Given an infinite number of quarters (25 cents), dimes (10 cents), nickels (5 cents) and pennies (1 cent), find how many ways to represent n cents.
思路:
从最大面值的硬币开始分析,然后依次看更小面值的硬币。假设 n = 100, 所有 valid 排列组合中
num_quarters = 0 的是一类,
num_quarters = 1 的是一类,
。。。
num_quarters = 4 的是一类
num_quarters = 0 的子集中,num_dimes = 0的是一类,num_dimes = 1的是一类,。。。
按照这种思路,可以简单的用下面的代码实现:
public int makeChange(int amount) { int[] denoms = {25, 10, 5, 1}; return makeChange(amount, denoms, 0); } public int makeChange(int amount, int[] denoms, int index) { if(index == denoms.length - 1) return 1; int ways = 0; for(int i = 0; i <= amount / denoms[index]; ++i){ ways += makeChange(amount - i * denoms[index], denoms, index+1); } return ways; }
上面的代码是正确的,但是不够efficient,因为存在重复运算,比如一共有60 cents时,子集A{num_quarters=2, num_dimes=0}和子集B{num_quarters=0, num_dimes=5}是相同的,计算了两次。

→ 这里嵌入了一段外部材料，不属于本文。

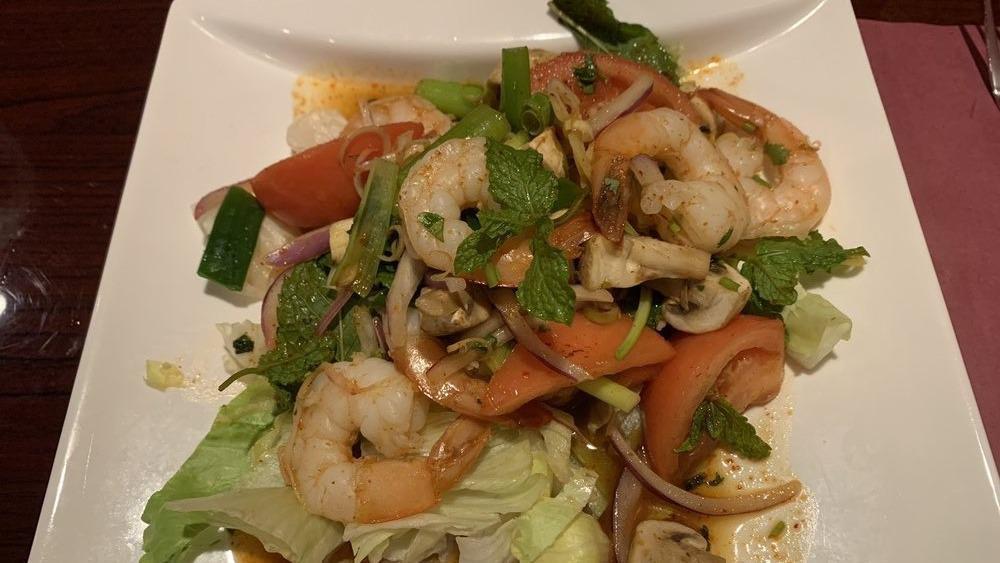 Lime Shrimp Salad · Hot. Steamed shrimp with red onion, lemongrass, tomato, mushroom, lettuce, scallion and cilantro mixed with spicy lime juice and pik-pow sauce.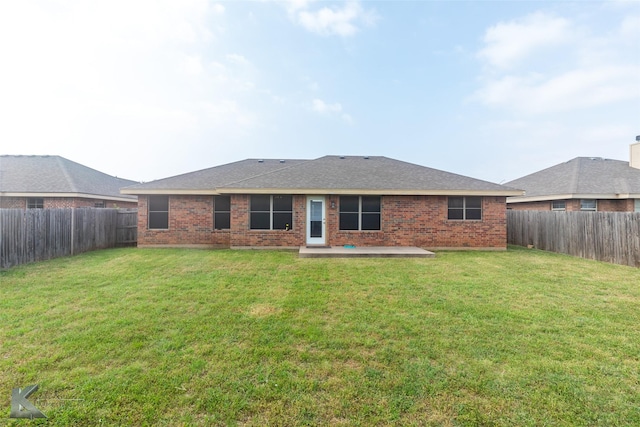 210 Miss Ellie Ln, Abilene, TX 79602 - back of house featuring brick siding, a patio, and a shingled roof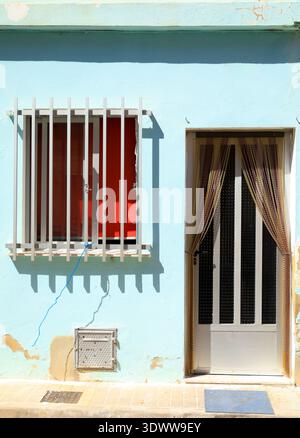 Blau lackierte Fassade mit Aluminium- und Glastür mit Kunststoffvorhang Stockfoto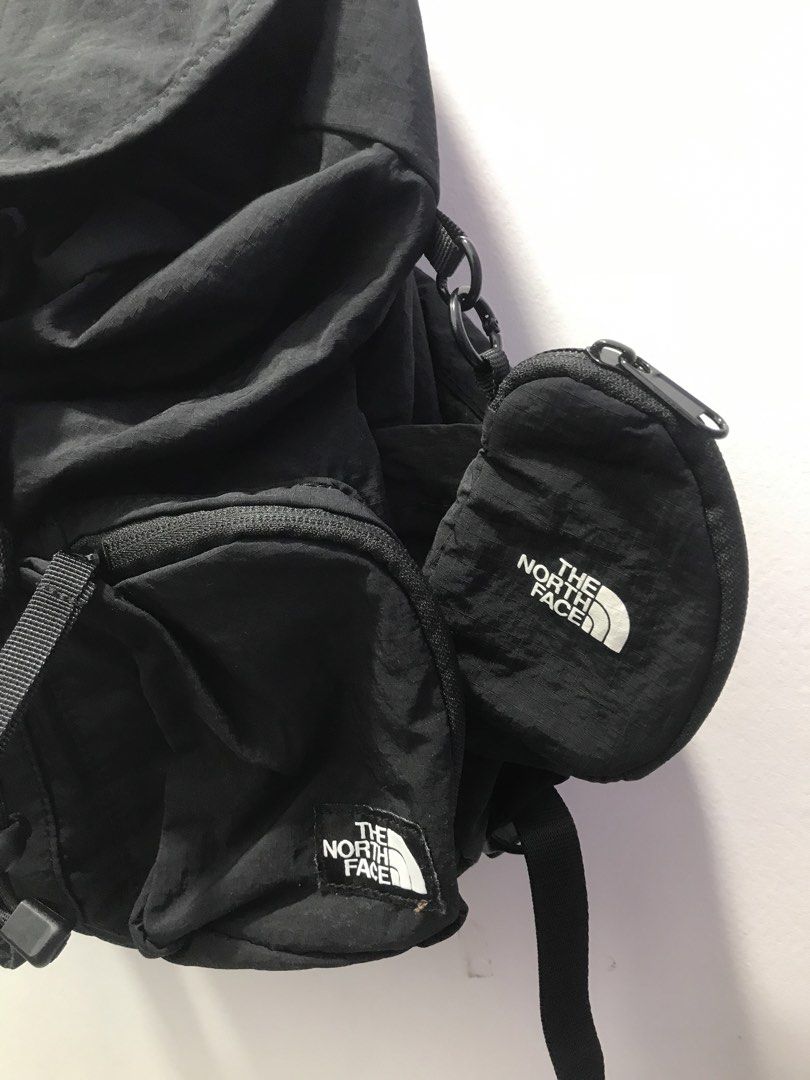 The North Face Black Backpack with Pouch (Category: Backpacks) located in Bamban. Submitted by ukaythriftedkoto (Listing ID 1441731474, Image 2). Description: - Brand: The North Face - Color: Black - Main compartment with drawstring and flap closure - Multiple front pockets for organization - Includes a small, detachable branded pouch on the side - Padded back straps for comfort - Perfect for everyday use, school, or travel.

为了避免这种情况,下面的代码进行了优化
int makeChange(int n){ int[] denoms = {25, 10, 5, 1}; int[][] map = new int[n+1][denoms.length]; return makeChange(n, denoms, 0, map); } int makeChange(int amount, int[] denoms, int index, int[][] map){ if(map[amount][index] > 0){ return map[amount][index]; } if(index >= denoms.length - 1) return 1; int denomAmount = denoms[index]; int ways = 0; for(int i = 0; i * denomAmount <= amount; i++){ int amountRemaining = amount - i * denomAmount; ways += makeChange(amountRemaining, denoms, index +1 , map); } map[amount][index] = ways; return ways; }